Day-laborer crackdown OK’d
SAN FRANCISCO — A federal appeals court says the California city of Redondo Beach can enforce a local ordinance prohibiting job solicitation and arrest day laborers.
A divided 9th U.S. Circuit Court of Appeals on Wednesday reversed a lower-court decision.
The appeals court says the city’s ordinance, modeled after a Phoenix law upheld by the same court, was a reasonable response to traffic problems that officials said day laborers, soliciting work, caused at two city intersections.
Redondo Beach’s law was enacted in the 1980s but not enforced until 2004, when 60 day laborers were arrested in stings by undercover police posing as people seeking to hire workers.
Judge Kim Wardlaw, a 1995 appointee of President Clinton, dissented from the 2-1 majority, writing that the ordinance violated the laborers’ free-speech rights.

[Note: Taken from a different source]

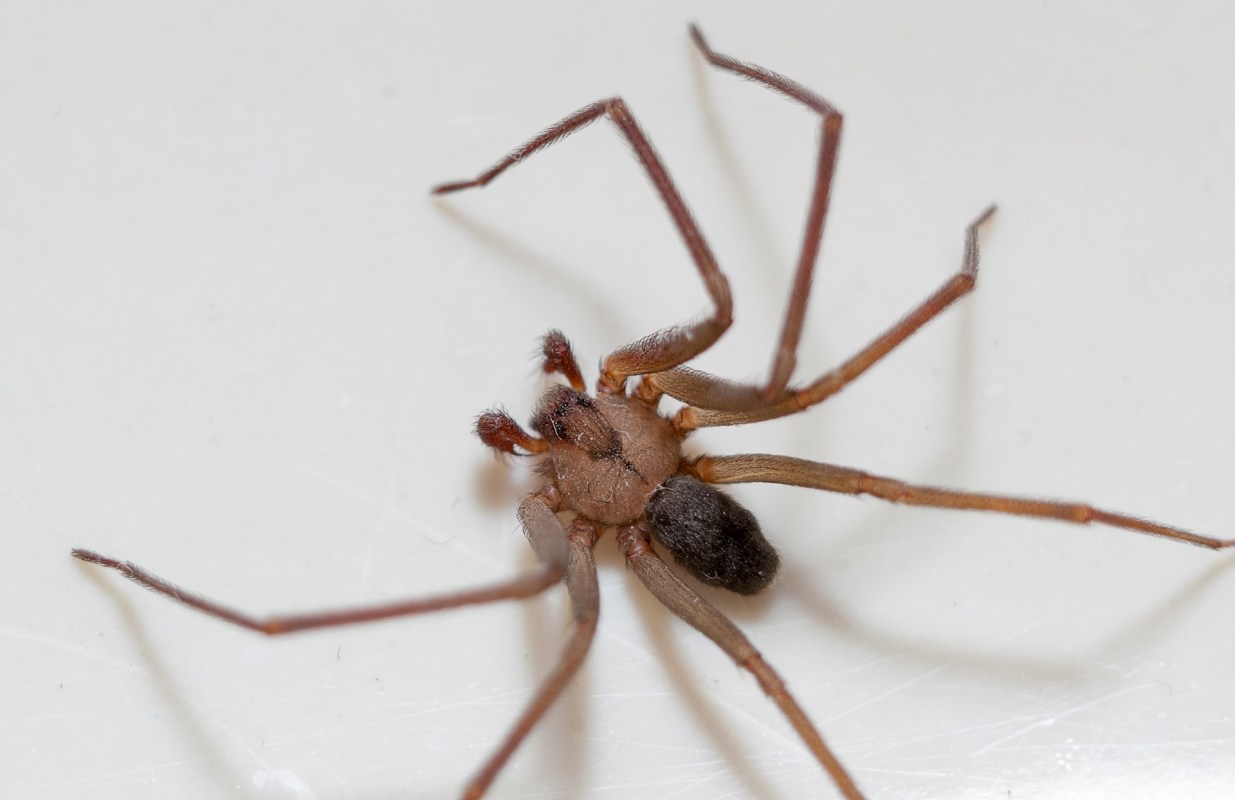 A brown spider with long legs on a light-colored surface.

Ex-lawyer sentenced for Ponzi scheme
FORT LAUDERDALE — Disbarred lawyer Scott Rothstein, whose seemingly unlimited wealth bought palatial homes, exotic cars and mega-yachts, was sentenced Wednesday to 50 years in prison for operating a $1.2 billion Ponzi scheme using faked legal settlements.
The sentence imposed by U.S. District Judge James I. Cohn was below the 100-year maximum Rothstein faced for five felony convictions, including racketeering conspiracy, money-laundering conspiracy and wire fraud.

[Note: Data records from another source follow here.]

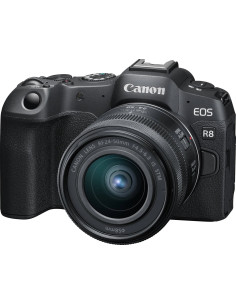 EOS R8 + RF 24-50mm f/4.5-6.3 IS STM 2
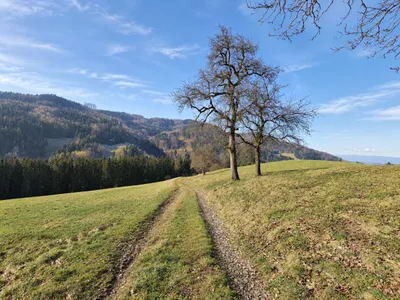 Immobilie mieten in Steyr-Land – 200 m², € 2.225 – Bild 4 von 7
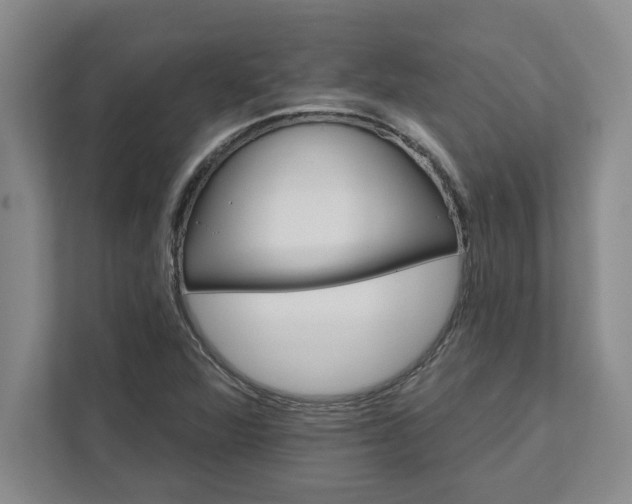 X0000111821360200908061127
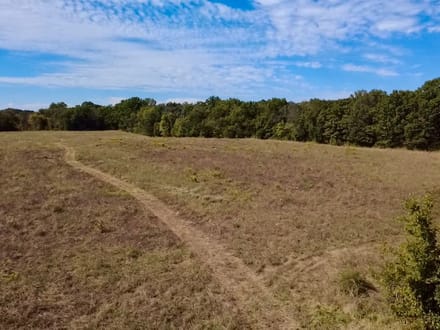 Galla Creek 40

Rothstein, who turns 48 on Thursday, hoped for a 30-year sentence because of his extensive cooperation with investigators, and prosecutors could later ask for up to one-third off his sentence because of continued assistance.
2 soldiers charged in $50,000 scheme
HONOLULU — A federal grand jury has indicted two soldiers based at Schofield Barracks in Hawaii on conspiracy, bribery and money-laundering charges.